EXERCISE MATERIAL:
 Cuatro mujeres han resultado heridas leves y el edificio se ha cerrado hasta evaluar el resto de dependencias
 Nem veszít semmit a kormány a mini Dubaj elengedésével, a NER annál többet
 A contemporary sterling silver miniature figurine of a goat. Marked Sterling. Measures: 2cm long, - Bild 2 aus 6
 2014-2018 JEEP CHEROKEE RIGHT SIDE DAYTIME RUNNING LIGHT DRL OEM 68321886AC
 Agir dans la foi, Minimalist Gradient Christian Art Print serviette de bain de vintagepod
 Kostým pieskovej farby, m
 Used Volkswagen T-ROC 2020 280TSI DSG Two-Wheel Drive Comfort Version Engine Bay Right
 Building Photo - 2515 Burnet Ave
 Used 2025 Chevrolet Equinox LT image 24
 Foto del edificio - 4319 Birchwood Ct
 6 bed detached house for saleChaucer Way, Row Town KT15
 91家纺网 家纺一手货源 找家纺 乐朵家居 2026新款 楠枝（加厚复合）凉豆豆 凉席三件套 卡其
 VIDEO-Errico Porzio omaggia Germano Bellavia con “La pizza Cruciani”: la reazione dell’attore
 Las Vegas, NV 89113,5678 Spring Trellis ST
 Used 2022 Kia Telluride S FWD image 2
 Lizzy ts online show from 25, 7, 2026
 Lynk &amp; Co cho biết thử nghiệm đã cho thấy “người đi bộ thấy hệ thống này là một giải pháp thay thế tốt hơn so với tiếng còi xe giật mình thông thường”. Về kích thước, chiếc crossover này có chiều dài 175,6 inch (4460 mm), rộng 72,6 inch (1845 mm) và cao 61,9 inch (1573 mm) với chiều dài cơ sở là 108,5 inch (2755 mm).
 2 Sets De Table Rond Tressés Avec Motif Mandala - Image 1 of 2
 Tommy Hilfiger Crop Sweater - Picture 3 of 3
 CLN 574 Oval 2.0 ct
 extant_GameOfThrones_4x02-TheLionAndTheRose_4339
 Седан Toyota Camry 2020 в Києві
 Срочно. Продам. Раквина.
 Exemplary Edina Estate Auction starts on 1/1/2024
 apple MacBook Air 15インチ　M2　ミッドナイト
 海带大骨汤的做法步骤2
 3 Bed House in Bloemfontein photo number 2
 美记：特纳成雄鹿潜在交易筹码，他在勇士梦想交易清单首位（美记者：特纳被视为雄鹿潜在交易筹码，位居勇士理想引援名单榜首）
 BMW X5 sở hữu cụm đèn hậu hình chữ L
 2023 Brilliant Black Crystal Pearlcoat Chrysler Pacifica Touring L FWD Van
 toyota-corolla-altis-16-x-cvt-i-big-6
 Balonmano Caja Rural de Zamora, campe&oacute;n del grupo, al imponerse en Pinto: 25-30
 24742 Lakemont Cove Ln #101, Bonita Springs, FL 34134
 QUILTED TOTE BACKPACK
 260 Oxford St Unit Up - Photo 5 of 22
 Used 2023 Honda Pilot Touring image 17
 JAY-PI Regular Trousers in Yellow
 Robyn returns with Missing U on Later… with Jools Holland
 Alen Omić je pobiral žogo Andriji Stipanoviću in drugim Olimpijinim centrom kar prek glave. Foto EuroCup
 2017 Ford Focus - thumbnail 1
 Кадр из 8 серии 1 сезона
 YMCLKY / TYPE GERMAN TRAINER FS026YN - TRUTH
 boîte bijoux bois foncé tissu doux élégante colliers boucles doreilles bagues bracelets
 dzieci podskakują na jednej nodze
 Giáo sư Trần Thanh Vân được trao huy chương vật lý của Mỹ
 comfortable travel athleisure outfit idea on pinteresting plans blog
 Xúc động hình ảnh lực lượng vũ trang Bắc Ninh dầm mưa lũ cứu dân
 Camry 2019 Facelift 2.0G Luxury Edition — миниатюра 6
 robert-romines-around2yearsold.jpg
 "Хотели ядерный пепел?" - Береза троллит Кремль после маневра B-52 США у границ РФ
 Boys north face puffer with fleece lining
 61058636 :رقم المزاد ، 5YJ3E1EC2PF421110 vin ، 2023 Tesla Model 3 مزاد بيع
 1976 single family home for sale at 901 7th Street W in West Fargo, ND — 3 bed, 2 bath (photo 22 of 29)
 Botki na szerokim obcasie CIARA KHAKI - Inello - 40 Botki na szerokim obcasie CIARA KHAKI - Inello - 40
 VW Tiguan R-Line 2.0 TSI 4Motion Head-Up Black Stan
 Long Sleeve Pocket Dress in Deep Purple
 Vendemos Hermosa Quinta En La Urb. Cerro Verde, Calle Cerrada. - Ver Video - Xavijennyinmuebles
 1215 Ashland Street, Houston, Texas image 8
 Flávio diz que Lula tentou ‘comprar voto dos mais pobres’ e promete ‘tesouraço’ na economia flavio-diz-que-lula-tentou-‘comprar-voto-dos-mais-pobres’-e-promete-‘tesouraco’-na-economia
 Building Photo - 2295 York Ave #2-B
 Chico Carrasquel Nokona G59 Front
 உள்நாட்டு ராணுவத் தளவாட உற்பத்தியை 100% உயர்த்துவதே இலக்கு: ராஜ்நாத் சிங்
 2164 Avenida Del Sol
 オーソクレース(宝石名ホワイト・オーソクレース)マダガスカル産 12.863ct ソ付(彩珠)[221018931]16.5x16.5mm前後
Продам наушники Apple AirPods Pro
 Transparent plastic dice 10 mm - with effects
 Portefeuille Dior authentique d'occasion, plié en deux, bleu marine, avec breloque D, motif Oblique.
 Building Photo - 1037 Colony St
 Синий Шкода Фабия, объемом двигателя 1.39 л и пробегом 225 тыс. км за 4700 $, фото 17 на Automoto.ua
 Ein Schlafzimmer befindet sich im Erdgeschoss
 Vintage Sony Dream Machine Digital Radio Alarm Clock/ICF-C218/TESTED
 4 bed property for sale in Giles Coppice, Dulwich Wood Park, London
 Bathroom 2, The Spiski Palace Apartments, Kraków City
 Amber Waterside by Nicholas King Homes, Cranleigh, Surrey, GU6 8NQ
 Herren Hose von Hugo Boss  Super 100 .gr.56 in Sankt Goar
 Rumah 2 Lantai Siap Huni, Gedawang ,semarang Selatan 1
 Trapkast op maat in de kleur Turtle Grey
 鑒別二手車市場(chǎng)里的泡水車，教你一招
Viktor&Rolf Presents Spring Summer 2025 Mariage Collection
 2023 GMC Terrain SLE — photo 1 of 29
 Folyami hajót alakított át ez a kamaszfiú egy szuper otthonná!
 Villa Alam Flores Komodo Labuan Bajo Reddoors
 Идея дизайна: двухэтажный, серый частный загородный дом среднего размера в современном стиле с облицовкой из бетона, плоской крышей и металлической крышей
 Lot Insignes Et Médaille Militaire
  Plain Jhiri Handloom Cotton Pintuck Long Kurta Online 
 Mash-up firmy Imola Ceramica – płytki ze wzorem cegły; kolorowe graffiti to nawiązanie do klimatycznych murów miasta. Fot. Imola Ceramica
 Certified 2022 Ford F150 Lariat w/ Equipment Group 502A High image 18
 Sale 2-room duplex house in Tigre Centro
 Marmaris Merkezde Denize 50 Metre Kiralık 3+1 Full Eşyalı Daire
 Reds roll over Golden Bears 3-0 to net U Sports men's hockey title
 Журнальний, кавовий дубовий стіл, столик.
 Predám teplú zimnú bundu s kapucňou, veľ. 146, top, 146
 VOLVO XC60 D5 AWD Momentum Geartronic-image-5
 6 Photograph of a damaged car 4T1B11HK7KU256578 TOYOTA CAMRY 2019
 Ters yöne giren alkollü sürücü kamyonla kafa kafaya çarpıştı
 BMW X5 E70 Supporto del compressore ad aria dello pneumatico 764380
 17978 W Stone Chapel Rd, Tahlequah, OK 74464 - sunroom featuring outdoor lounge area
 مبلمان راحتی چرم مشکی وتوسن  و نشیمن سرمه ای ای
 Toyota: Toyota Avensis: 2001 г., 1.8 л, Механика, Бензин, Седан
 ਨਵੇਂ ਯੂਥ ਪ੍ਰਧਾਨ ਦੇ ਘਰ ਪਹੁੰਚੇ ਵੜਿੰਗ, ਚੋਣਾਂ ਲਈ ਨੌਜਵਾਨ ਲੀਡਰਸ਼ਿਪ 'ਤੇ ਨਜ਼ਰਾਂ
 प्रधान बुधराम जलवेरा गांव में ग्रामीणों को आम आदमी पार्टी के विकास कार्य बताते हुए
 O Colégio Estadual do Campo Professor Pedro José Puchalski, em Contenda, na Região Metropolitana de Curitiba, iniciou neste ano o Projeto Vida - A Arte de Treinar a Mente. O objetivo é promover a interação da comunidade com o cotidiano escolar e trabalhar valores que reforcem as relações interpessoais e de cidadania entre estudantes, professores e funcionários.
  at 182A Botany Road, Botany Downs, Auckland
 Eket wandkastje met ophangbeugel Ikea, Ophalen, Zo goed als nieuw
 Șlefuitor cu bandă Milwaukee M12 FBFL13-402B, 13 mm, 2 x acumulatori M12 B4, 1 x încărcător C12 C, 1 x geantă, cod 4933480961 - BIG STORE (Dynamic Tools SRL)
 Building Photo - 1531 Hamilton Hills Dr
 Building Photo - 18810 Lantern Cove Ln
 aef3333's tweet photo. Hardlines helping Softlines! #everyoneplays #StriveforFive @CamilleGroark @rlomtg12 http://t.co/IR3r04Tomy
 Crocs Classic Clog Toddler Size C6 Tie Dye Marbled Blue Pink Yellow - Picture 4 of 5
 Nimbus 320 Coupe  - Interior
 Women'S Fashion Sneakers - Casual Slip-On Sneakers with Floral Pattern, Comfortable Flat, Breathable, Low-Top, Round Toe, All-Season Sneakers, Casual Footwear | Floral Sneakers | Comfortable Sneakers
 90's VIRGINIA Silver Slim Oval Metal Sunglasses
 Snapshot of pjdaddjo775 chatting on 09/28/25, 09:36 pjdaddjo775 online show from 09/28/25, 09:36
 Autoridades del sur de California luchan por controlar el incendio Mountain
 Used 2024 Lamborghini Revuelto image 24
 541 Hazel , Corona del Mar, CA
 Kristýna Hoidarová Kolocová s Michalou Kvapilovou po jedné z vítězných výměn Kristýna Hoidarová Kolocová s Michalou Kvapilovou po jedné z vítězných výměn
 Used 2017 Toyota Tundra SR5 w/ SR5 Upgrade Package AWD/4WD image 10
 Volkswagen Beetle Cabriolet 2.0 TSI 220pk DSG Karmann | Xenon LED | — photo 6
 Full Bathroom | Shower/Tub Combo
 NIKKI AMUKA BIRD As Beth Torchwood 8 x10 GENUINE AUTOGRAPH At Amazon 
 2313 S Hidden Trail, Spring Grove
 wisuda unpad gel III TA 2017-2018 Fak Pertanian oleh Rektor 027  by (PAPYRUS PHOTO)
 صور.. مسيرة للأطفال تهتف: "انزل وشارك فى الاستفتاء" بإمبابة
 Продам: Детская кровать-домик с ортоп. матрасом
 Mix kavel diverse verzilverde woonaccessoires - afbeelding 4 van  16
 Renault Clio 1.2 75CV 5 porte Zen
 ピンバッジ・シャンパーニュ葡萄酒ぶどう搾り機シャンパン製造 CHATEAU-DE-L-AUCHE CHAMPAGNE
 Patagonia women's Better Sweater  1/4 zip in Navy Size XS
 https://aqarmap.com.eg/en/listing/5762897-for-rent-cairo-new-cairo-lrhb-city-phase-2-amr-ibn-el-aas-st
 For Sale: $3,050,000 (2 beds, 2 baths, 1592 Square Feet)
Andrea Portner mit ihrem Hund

TASK STATEMENT:
Retrieve each line from the records above where the word "Volkswagen" occurs.

WRITTEN RESPONSE:
 Used Volkswagen T-ROC 2020 280TSI DSG Two-Wheel Drive Comfort Version Engine Bay Right
 Volkswagen Beetle Cabriolet 2.0 TSI 220pk DSG Karmann | Xenon LED | — photo 6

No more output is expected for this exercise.